Your math does not work since 4 of the 6 games,tested don't scale well with SMT or beyond 4 cores,so trying to twist the results by looking at only one of the six games is funny.
A Haswell Core i3 dual core,is faster in 4 of the 6 games than an FX8350. Nice,try but you and your mates are not really doing very well,are you??
The socket 2011 CPUs also have much larger caches,etc which do help a bit,just like the Broadwell CPUs with L4 cache which nicely helped with performance.
First it is you and your mates on purpose ignoring this is a validation sample CPU not running at full clockspeeds,then secondly you ignore the Core i7 6900K on purpose,now you make excuses when it is evident the Core i7 6900K performance advantage is due to clockspeeds,and lastly you then make sure you ignore 4 of the 6 games tested not scaling that well with SMT,etc.

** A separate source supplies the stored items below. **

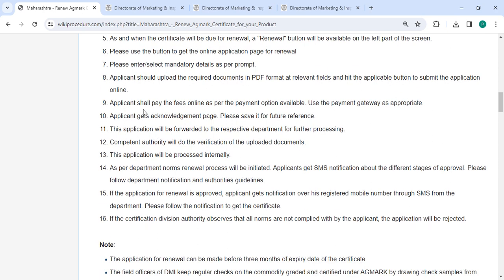Then you shall pay the fees online as per the payment options available. After payment, you will get the acknowledgement page — please save it for future reference. This application will be forwarded to the respective department for further processing.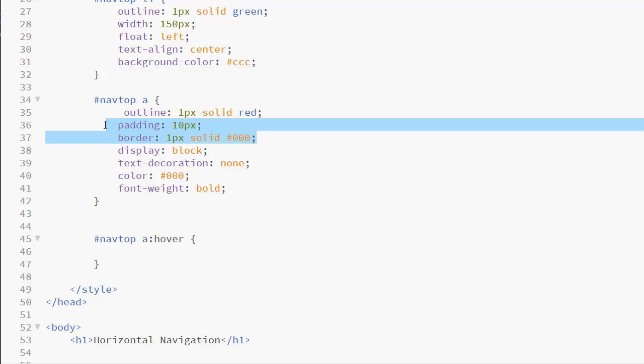Therefore, when you're working with navigation, always put the padding and border, if you're going to have it, or even any margins, in the A element, not the LI. That way they will be added to the A, not the LI, and you don't have to worry about calculations. The other solution would be to use the box-sizing property set to border-box.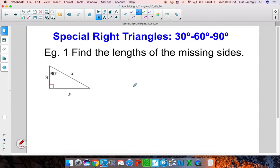Hello and welcome to our video on special right triangles. In this video, we'll focus on the case for the 30-60-90 degree special right triangles.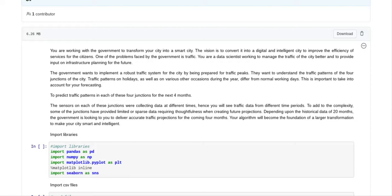You are a data scientist working to manage the traffic of the city better and to provide input on infrastructure planning for the future. The government wants to implement a robust traffic system for the city by being prepared for traffic peaks.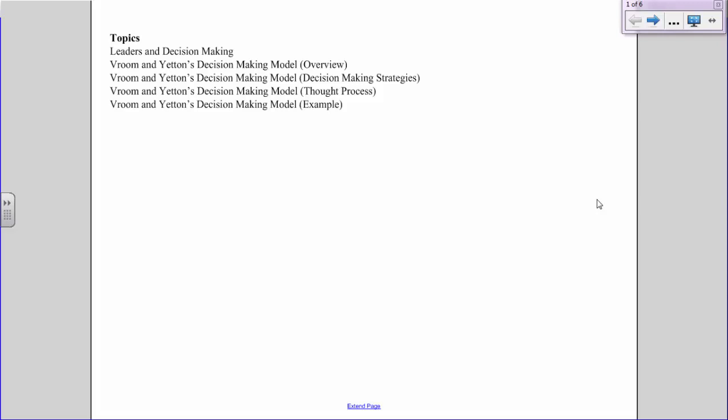We're going to start off with a quick overview of leaders and decision-making, and then spend the rest of the time looking at Vroom and Yetton's decision-making model. I'll give you a quick overview, then show you the different types of decisions that can be made by leaders, then the flow chart that helps you decide which decision-making strategy is most appropriate for the situation, and finally a real example from my life so you'll be prepared to use it in the applied activity.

You and your mates are trying every trick you can to bury the results,but there is only one way AMD has managed to get to within 10% of a Core i7 6900K in those games,its via a massive jump in per core performance and not better SMT performance.
AMD touted close to Broadwell E IPC,and now an independent review of a lower clockspeed validation sample on a pre-production motherboard is hinting at the same from a well known magazine in Europe,but no its all some conspiracy,right??
Try your luck with someone else,mate!
This is getting to stupid levels now. Its almost like some don't want competition in the market for some absolutely weird reason. Some of us remember the good old days back 15 years ago. It was a great time for enthusiasts and it makes me wonder whether some of the younger folk have forgotten what proper competition did in the CPU space.